AUGUSTA – Questions were swirling Thursday about whether Mainers will use the ranked-choice voting system in the June primaries after Secretary of State Matt Dunlap raised concerns about a conflict in the law.
Dunlap said his office was notified late Wednesday about “legal concerns regarding the implementation of ranked-choice voting” and, as a result, Dunlap was reviewing the law. While Dunlap said he was moving forward with implementing ranked-choice voting in time for the June 12th primaries during that review, the surprise announcement of new “legal concerns” sparked a frenzy of activity in Augusta to salvage the vote tabulation system.
“In the 15 months since voters enacted Ranked Choice Voting as Maine law, Secretary of State Matt Dunlap has consistently avoided its implementation,” Dick Woodbury, chairman of the Committee for Ranked Choice Voting, said in a statement.
The issue appears to be focused on language in a bill passed by the Legislature last year that sought to delay implementation of the new system in which voters rank candidates in order of their preference. Those rankings are then used to select a winner if no one receives a majority of votes after the first tabulation. The Committee for Ranked Choice Voting, which led the initial November 2016 ballot campaign, then successfully gathered more than 62,000 signatures to suspend the bill delaying the implementation of ranked-choice voting.
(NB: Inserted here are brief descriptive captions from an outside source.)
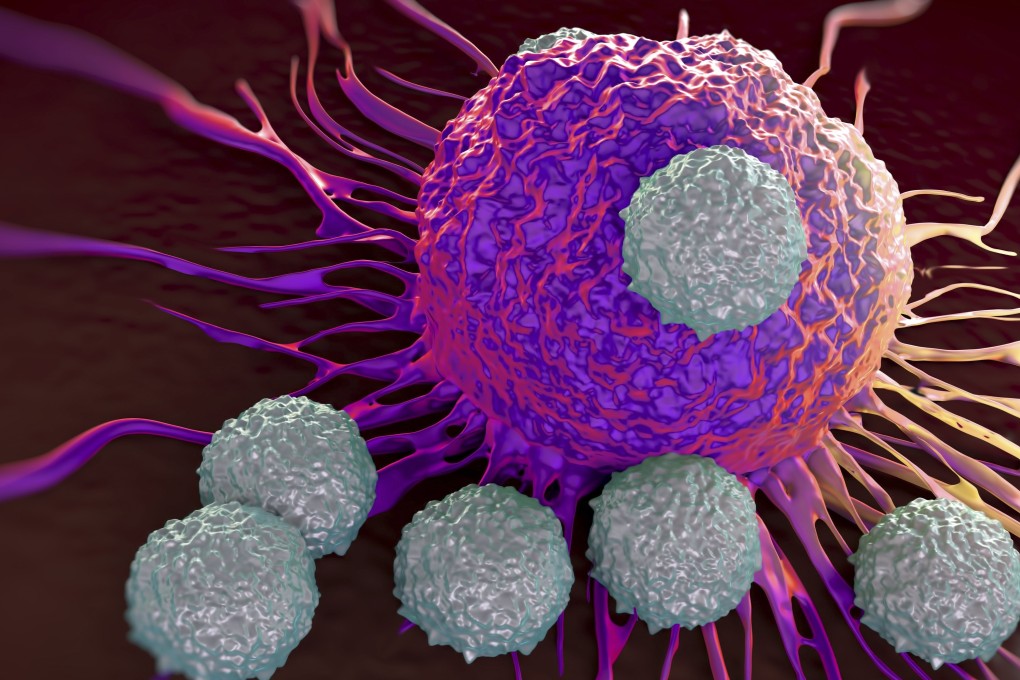 Infecting a cancer patient with the malaria parasite plasmodium appears to cause the immune system to battle tumour cells, according to Chinese scientists. Photo: Shutterstock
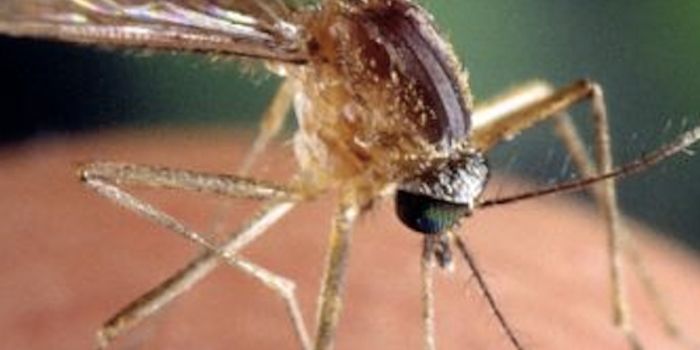 West Nile Virus May Now Have a Treatment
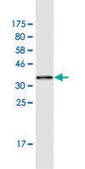 Monoclonal Anti-HMGA1 antibody produced in mouse clone 2A1, purified immunoglobulin, buffered aqueous solution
Dunlap said there is a conflict in different statutes about whether the June primary winners must still be based on whoever receives the most votes, or a “plurality,” or the majority tabulation achieved by ranked-choice voting.
“My role as the chief elections administrator is to implement the law and ensure that the voting process is accessible, secure and accurate,” Dunlap said. “While this new legal concern is under review, we will continue our implementation process for ranked-choice voting for the June 12, 2018 Primary Election.”
Dunlap is expected to lay out his explanation for why ranked-choice voting cannot be used this June to a legislative committee on Thursday afternoon, a meeting that was originally scheduled to hear his plans for implementing the new system.
The Committee for Ranked Choice Voting had already filed a lawsuit to require Dunlap to implement the law. But after Thursday’s developments, the campaign announced plans to seek a court injunction to force Dunlap’s hand and accused the Democratic secretary of state of waging “a desperate last-minute attempt … to avoid obeying the law.”
Meanwhile, Attorney General Janet Mills, one of seven Democrats in the gubernatorial primary whose candidacies would be affected by ranked choice voting, said she planned to seek a legislative fix to the situation – an unlikely outcome, given strong opposition among Republican lawmakers to ranked-choice voting.
“The issue raised by the Secretary of State this morning, which I was made aware of for the first time today, needs to be addressed immediately so that the will of the people may be respected,” Mills said in a statement. “The more than 62,000 citizens who signed the Peoples’ Veto petitions deserve to have their voices heard. The will of the people must not be thwarted by some technicality in the law. I will file legislation today to be presented to the Legislative Council to ensure that Rank Choice Voting is in full effect for this June’s primary as the people have dictated. I call on the Legislative Council to meet in an emergency session to address this urgent issue.”